In contrast, the patch would be self-applied -- pressed against the skin for about a minute, to release a network of tiny biodegradable "needles" that carry the hormone progestin.

It is only in the early stages of development. Writing in the Nov. 6 issue of Science Advances, the researchers described the results in lab animals and feasibility testing in a small group of women.

"Various forms of long-acting reversible contraception already exist," explained senior researcher Mark Prausnitz, a professor at Georgia Tech's School of Chemical and Biomolecular Engineering, in Atlanta. "Our objective is to have a form that doesn't have to be placed by a health care provider."

One reason, he said, is to improve birth-control access for women in less-developed countries who cannot regularly get to a provider.

But even in countries with more health care resources, like the United States, the patch holds appeal, Prausnitz added.

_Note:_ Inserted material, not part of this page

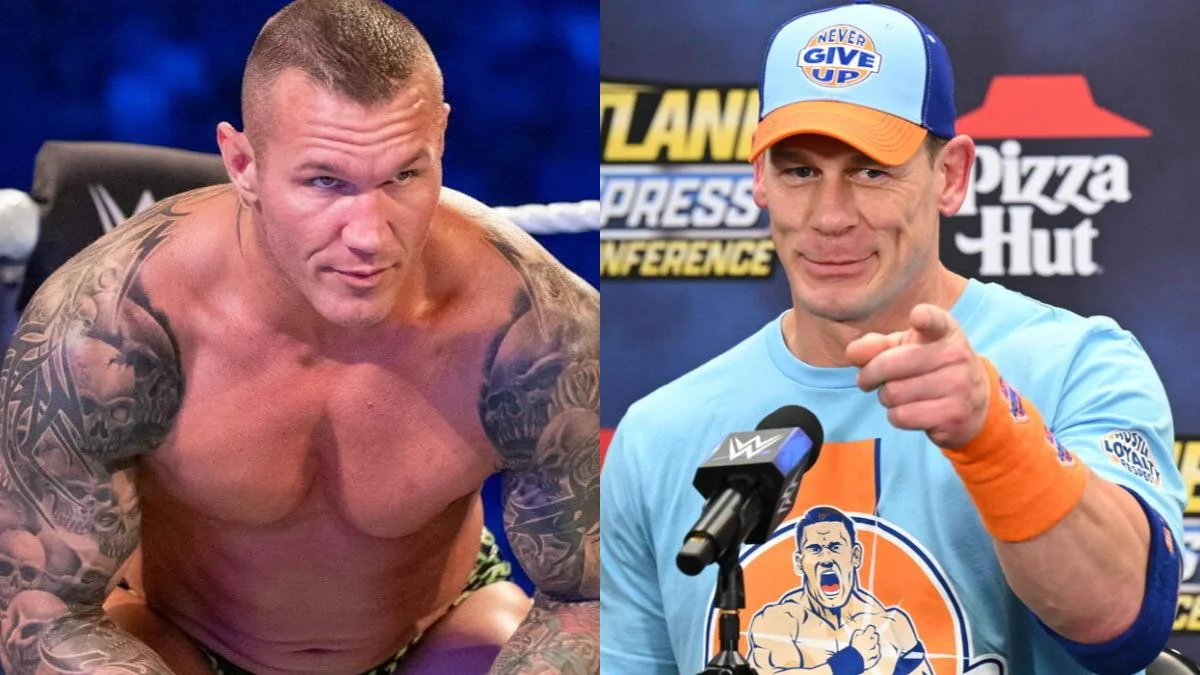John Cena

That point was echoed by Susan Wysocki, a women's health nurse practitioner and medical advisor to the American Sexual Health Association.

Insurance coverage can limit contraception options, she said, and some women do not live near a provider who can insert an IUD or contraceptive implant.

"I'm in favor of having a wide array of contraception options available," said Wysocki, who was not involved in the research. "Different women have different needs. And what works for a woman at one point in her life may not work well at a different point."

The patch contains a special "effervescent" backing, along with a set of micro-needles that carry the birth-control hormone levonorgestrel, a progestin. The patch is pressed against the skin for about a minute, which triggers the effervescent backing to separate from the needles. Those needles are left under the skin, to slowly biodegrade and release levonorgestrel over time.